• [Exercise requirements]:
The records below hold a stretch from the line with "Loyola Illinois Ramblers" through the line with "PUSSY Incense Sticks"; return exactly those lines, ends included, and nothing more.

Collected data:
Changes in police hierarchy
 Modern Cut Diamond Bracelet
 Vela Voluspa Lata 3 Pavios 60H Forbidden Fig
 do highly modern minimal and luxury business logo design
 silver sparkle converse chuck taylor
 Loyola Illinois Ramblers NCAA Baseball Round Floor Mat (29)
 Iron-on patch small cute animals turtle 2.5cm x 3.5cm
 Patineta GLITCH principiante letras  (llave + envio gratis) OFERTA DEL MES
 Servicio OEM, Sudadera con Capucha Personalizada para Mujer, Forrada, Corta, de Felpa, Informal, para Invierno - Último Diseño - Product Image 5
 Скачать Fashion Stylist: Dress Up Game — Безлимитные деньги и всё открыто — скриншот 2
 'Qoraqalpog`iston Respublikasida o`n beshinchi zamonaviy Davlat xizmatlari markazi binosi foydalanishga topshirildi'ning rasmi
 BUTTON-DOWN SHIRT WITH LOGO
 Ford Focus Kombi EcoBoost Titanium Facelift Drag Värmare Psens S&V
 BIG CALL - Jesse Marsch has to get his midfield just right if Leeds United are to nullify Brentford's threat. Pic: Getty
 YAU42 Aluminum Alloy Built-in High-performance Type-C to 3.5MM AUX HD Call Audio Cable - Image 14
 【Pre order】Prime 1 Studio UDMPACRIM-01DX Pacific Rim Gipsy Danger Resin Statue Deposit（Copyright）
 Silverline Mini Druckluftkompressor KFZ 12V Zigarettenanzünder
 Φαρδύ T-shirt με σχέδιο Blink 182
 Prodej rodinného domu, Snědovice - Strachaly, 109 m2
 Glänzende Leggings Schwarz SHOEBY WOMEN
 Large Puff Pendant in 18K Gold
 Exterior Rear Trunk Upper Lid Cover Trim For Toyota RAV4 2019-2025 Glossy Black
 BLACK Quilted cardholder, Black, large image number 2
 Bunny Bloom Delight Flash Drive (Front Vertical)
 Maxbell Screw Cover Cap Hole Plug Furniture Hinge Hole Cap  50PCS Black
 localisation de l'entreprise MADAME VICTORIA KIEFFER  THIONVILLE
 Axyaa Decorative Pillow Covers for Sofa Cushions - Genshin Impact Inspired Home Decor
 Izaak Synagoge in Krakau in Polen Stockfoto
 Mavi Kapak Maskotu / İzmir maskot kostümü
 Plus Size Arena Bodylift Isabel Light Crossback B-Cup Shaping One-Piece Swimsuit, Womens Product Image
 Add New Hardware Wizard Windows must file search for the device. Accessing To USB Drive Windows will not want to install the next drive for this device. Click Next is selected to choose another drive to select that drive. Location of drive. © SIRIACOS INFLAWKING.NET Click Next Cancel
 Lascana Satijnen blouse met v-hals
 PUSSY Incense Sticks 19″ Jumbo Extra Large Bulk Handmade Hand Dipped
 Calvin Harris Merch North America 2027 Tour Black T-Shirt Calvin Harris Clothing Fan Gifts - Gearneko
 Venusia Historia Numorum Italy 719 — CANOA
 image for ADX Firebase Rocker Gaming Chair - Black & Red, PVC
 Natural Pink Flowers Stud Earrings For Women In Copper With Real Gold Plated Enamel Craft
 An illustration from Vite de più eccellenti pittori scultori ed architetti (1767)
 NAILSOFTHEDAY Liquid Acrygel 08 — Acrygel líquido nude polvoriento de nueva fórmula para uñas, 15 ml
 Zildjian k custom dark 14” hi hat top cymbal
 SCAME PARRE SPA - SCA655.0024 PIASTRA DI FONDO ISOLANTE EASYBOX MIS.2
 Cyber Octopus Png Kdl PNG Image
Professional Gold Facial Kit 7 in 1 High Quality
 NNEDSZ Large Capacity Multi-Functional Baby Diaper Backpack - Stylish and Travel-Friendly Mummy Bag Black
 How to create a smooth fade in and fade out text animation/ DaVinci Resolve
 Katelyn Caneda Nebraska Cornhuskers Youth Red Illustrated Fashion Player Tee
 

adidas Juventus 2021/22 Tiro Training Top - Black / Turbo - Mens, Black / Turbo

• [Answer for the task]:
 Loyola Illinois Ramblers NCAA Baseball Round Floor Mat (29)
 Iron-on patch small cute animals turtle 2.5cm x 3.5cm
 Patineta GLITCH principiante letras  (llave + envio gratis) OFERTA DEL MES
 Servicio OEM, Sudadera con Capucha Personalizada para Mujer, Forrada, Corta, de Felpa, Informal, para Invierno - Último Diseño - Product Image 5
 Скачать Fashion Stylist: Dress Up Game — Безлимитные деньги и всё открыто — скриншот 2
 'Qoraqalpog`iston Respublikasida o`n beshinchi zamonaviy Davlat xizmatlari markazi binosi foydalanishga topshirildi'ning rasmi
 BUTTON-DOWN SHIRT WITH LOGO
 Ford Focus Kombi EcoBoost Titanium Facelift Drag Värmare Psens S&V
 BIG CALL - Jesse Marsch has to get his midfield just right if Leeds United are to nullify Brentford's threat. Pic: Getty
 YAU42 Aluminum Alloy Built-in High-performance Type-C to 3.5MM AUX HD Call Audio Cable - Image 14
 【Pre order】Prime 1 Studio UDMPACRIM-01DX Pacific Rim Gipsy Danger Resin Statue Deposit（Copyright）
 Silverline Mini Druckluftkompressor KFZ 12V Zigarettenanzünder
 Φαρδύ T-shirt με σχέδιο Blink 182
 Prodej rodinného domu, Snědovice - Strachaly, 109 m2
 Glänzende Leggings Schwarz SHOEBY WOMEN
 Large Puff Pendant in 18K Gold
 Exterior Rear Trunk Upper Lid Cover Trim For Toyota RAV4 2019-2025 Glossy Black
 BLACK Quilted cardholder, Black, large image number 2
 Bunny Bloom Delight Flash Drive (Front Vertical)
 Maxbell Screw Cover Cap Hole Plug Furniture Hinge Hole Cap  50PCS Black
 localisation de l'entreprise MADAME VICTORIA KIEFFER  THIONVILLE
 Axyaa Decorative Pillow Covers for Sofa Cushions - Genshin Impact Inspired Home Decor
 Izaak Synagoge in Krakau in Polen Stockfoto
 Mavi Kapak Maskotu / İzmir maskot kostümü
 Plus Size Arena Bodylift Isabel Light Crossback B-Cup Shaping One-Piece Swimsuit, Womens Product Image
 Add New Hardware Wizard Windows must file search for the device. Accessing To USB Drive Windows will not want to install the next drive for this device. Click Next is selected to choose another drive to select that drive. Location of drive. © SIRIACOS INFLAWKING.NET Click Next Cancel
 Lascana Satijnen blouse met v-hals
 PUSSY Incense Sticks 19″ Jumbo Extra Large Bulk Handmade Hand Dipped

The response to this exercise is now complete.